START Extracted material

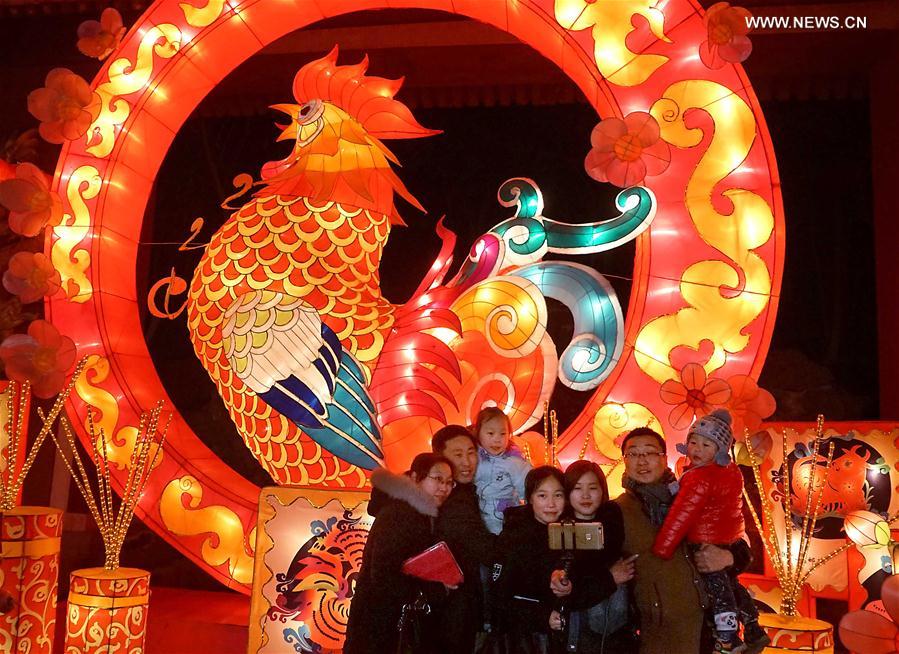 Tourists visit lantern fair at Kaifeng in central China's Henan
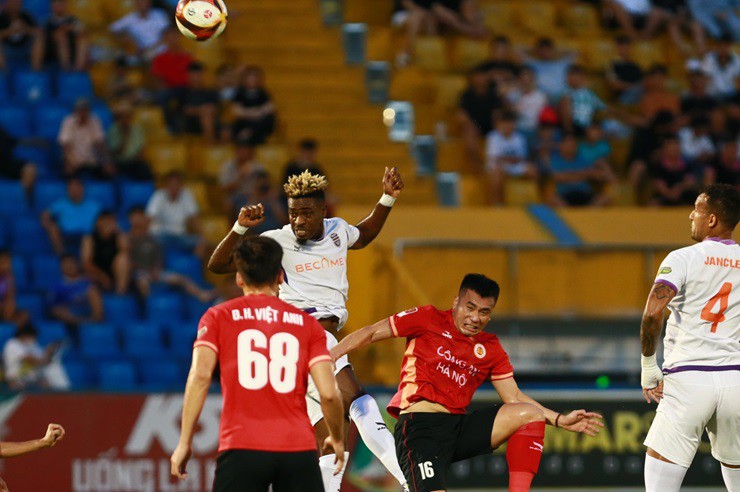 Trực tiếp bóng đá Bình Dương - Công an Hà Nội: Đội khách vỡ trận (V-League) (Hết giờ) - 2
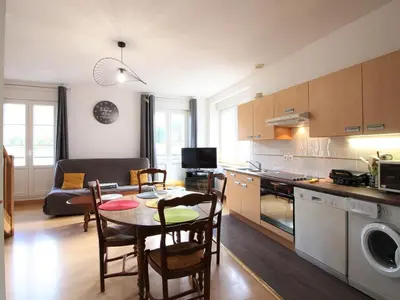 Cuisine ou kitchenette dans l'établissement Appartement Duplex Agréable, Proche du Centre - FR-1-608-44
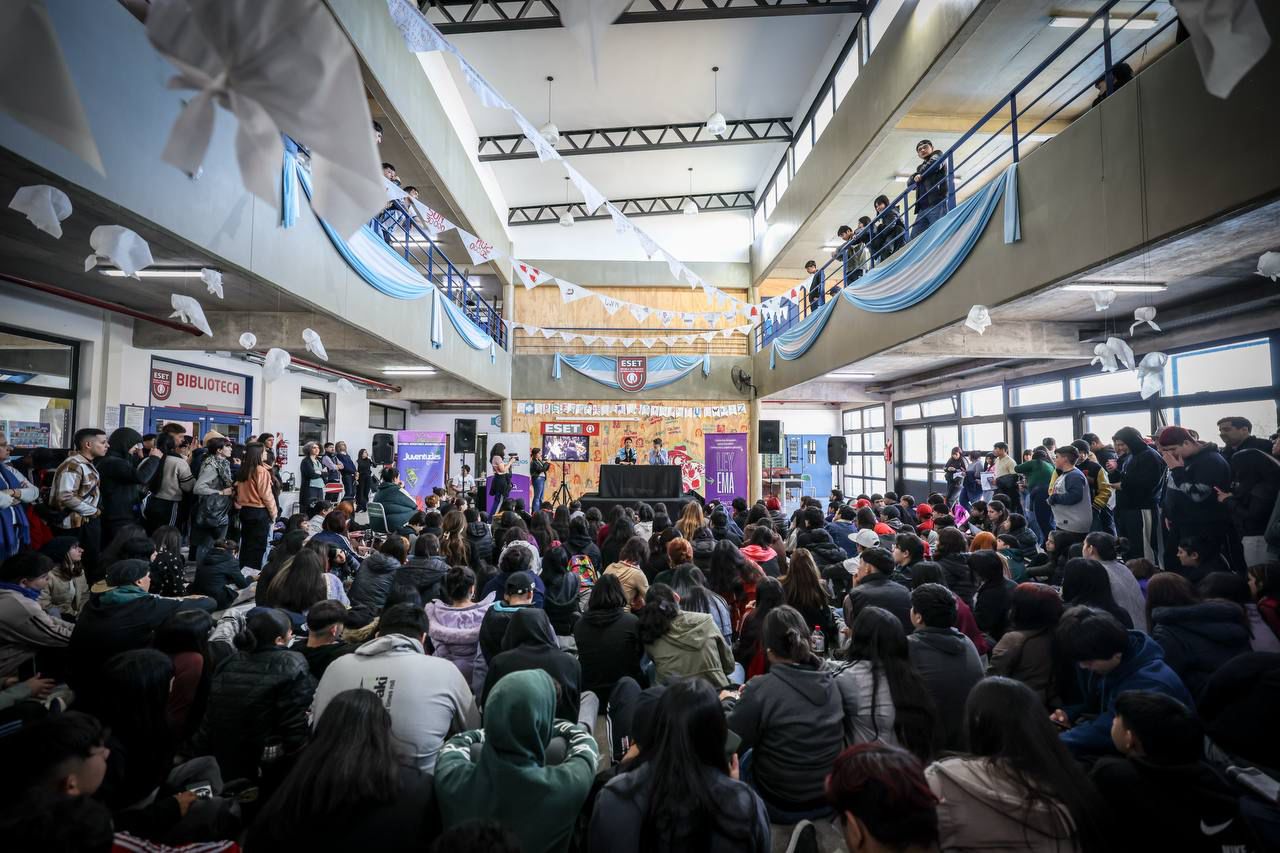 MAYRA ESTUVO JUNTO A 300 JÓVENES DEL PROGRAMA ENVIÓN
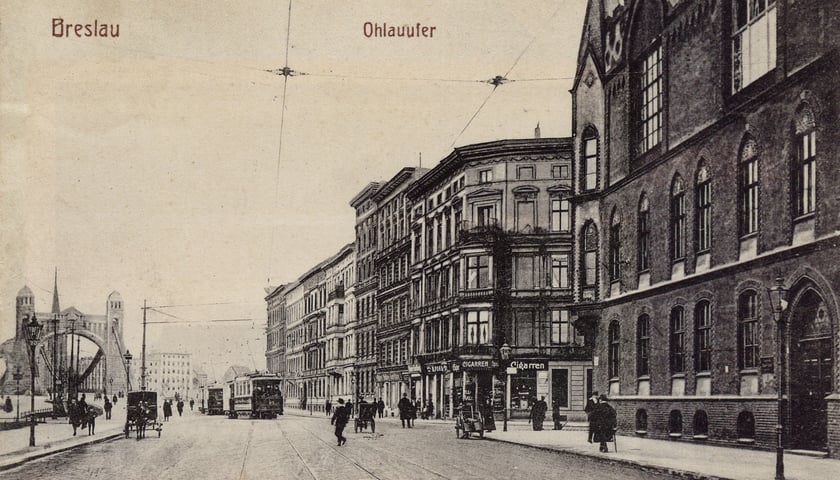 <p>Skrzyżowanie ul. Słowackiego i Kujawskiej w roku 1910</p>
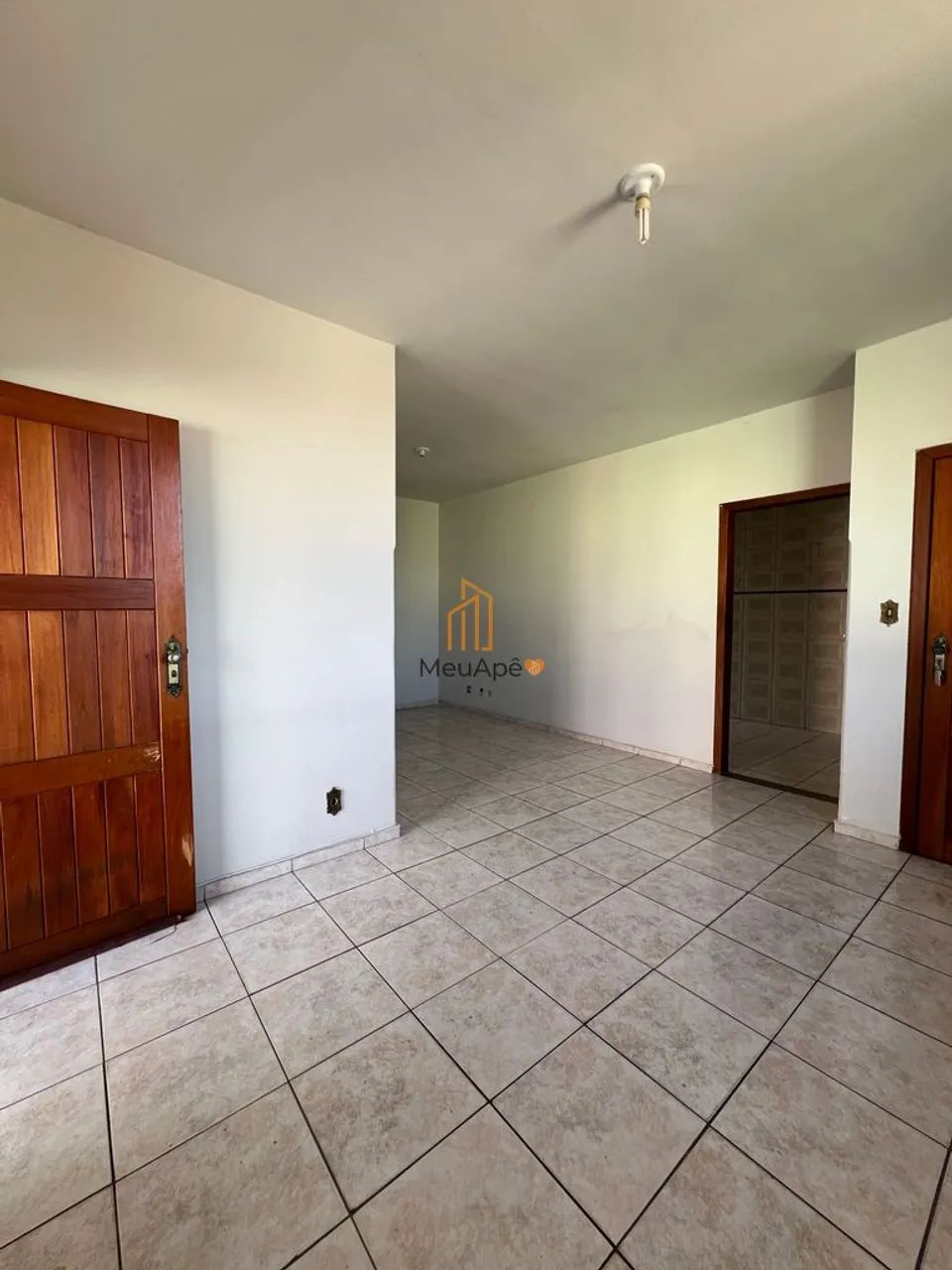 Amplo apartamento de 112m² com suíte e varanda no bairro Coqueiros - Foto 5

END Extracted material

Your task: Repeat the entries exactly. Any picture is to be left out.

Answer to this problem:
 Tourists visit lantern fair at Kaifeng in central China's Henan
 Trực tiếp bóng đá Bình Dương - Công an Hà Nội: Đội khách vỡ trận (V-League) (Hết giờ) - 2
 Cuisine ou kitchenette dans l'établissement Appartement Duplex Agréable, Proche du Centre - FR-1-608-44
 MAYRA ESTUVO JUNTO A 300 JÓVENES DEL PROGRAMA ENVIÓN
 <p>Skrzyżowanie ul. Słowackiego i Kujawskiej w roku 1910</p>
 Amplo apartamento de 112m² com suíte e varanda no bairro Coqueiros - Foto 5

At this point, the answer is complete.